DATA FOR ANALYSIS:
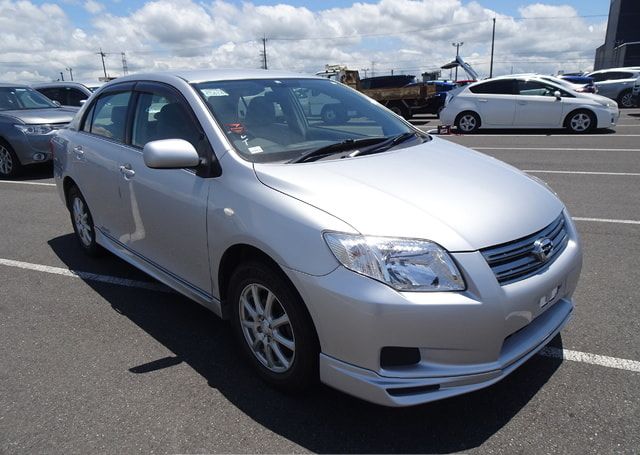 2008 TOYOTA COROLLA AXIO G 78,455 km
---
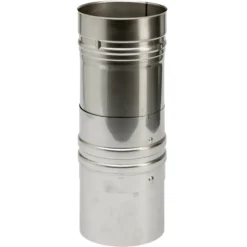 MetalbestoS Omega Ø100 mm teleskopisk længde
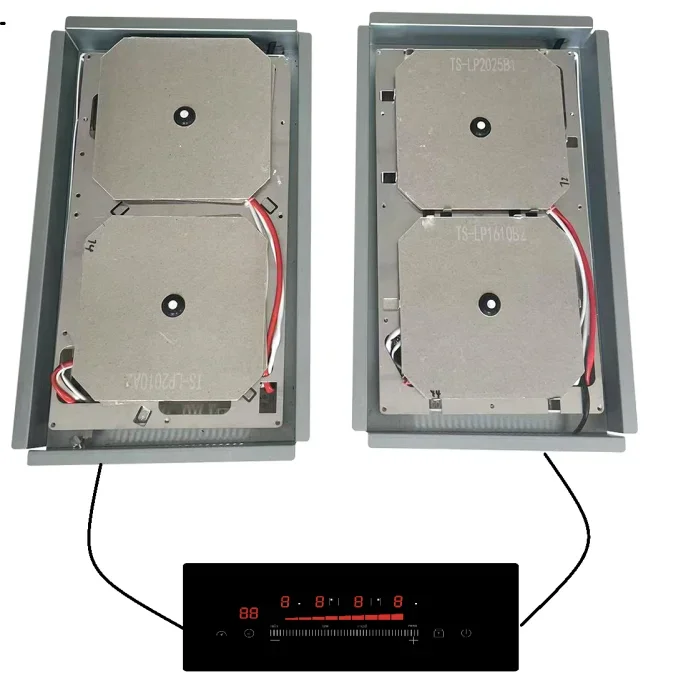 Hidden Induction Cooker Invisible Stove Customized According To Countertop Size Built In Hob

TASK PROMPT:
Copy only these lines from the records above, exactly: the one with "MetalbestoS Omega Ø100 mm teleskopisk længde", the one with "Hidden Induction Cooker", and those between. Skip the pictures.

EXPECTED ANSWER:
 MetalbestoS Omega Ø100 mm teleskopisk længde
 Hidden Induction Cooker Invisible Stove Customized According To Countertop Size Built In Hob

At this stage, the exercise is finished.